The data>
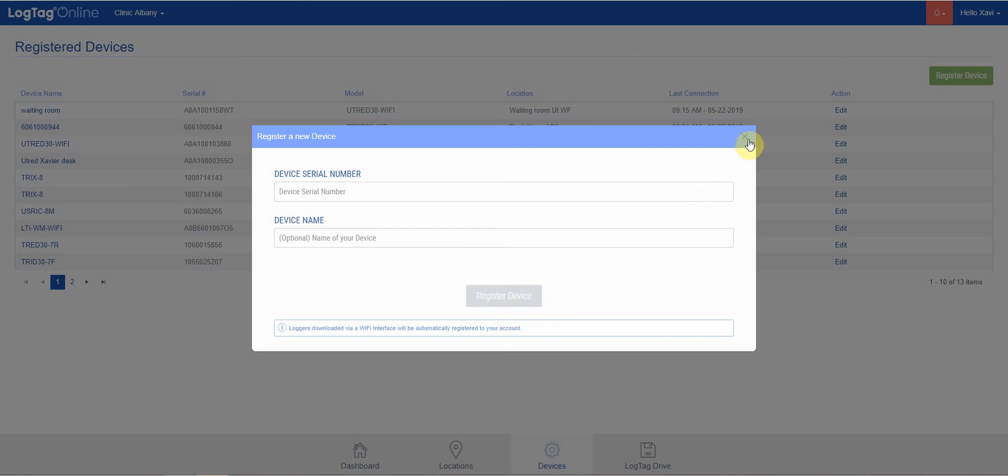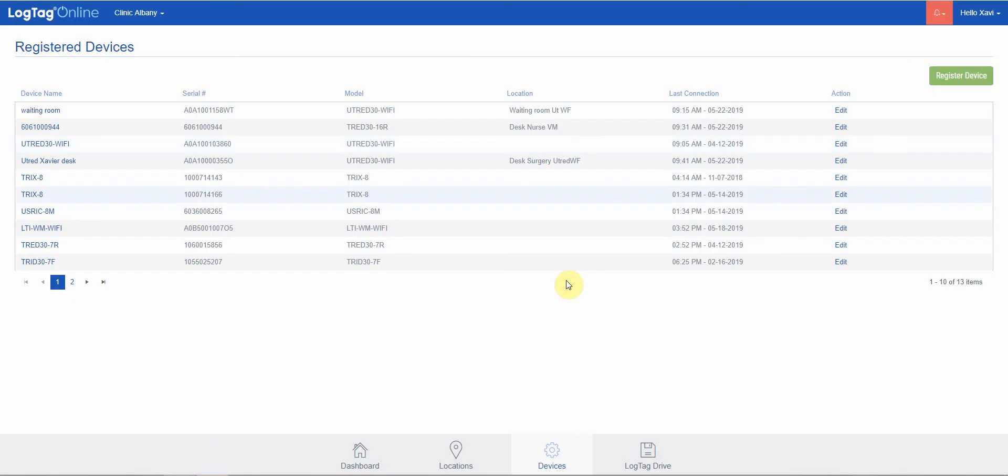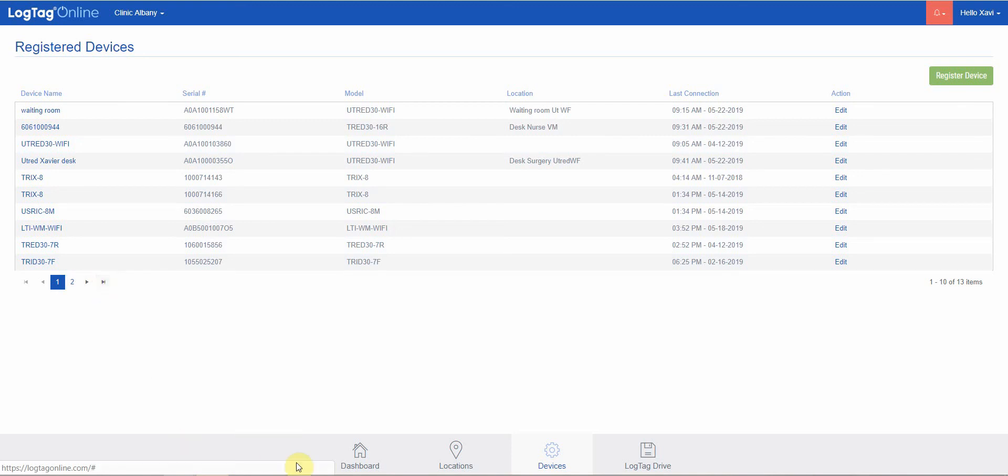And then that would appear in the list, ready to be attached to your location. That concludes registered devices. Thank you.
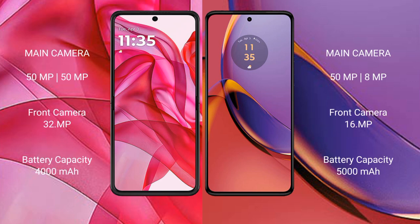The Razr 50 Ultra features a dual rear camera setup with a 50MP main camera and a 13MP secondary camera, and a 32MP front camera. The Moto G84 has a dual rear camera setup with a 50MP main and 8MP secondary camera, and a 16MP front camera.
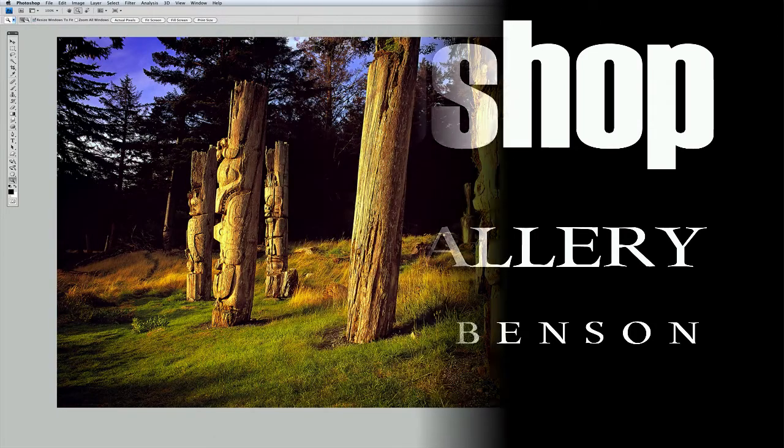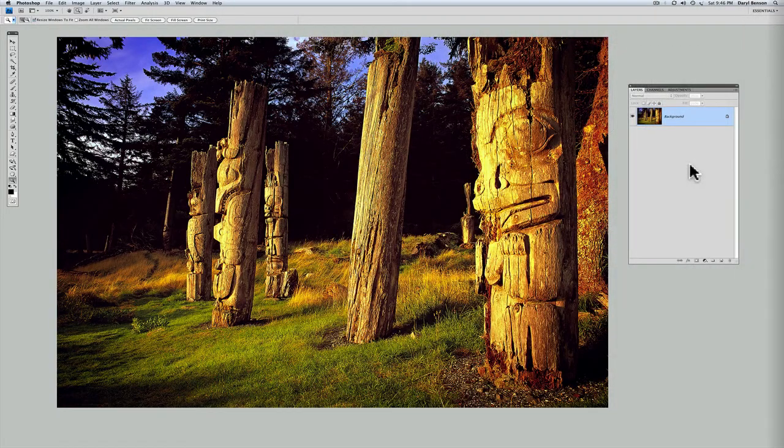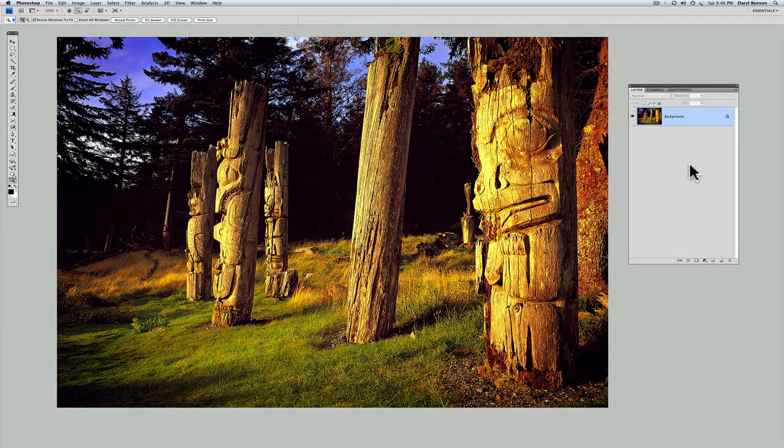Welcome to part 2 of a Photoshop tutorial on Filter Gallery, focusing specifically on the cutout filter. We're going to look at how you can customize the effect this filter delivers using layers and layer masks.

---

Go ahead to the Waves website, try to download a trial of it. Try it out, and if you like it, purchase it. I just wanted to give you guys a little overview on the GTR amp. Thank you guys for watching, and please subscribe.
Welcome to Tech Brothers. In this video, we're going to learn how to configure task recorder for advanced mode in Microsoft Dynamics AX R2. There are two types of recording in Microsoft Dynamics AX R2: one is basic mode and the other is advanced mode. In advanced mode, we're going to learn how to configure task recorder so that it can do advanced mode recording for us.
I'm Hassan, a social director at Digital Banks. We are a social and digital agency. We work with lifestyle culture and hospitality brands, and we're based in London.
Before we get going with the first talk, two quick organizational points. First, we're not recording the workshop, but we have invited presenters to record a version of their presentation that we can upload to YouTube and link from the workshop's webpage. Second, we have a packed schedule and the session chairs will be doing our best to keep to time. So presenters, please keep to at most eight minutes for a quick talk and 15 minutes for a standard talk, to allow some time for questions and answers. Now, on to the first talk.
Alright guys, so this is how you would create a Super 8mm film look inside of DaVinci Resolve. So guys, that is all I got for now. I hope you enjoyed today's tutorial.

Work instruction> Scan the entries above for the line containing "Welcome to Tech", and copy it and all lines after it exactly, down to and including the line containing "I'm Hassan, a".

Problem solution>
Welcome to Tech Brothers. In this video, we're going to learn how to configure task recorder for advanced mode in Microsoft Dynamics AX R2. There are two types of recording in Microsoft Dynamics AX R2: one is basic mode and the other is advanced mode. In advanced mode, we're going to learn how to configure task recorder so that it can do advanced mode recording for us.
I'm Hassan, a social director at Digital Banks. We are a social and digital agency. We work with lifestyle culture and hospitality brands, and we're based in London.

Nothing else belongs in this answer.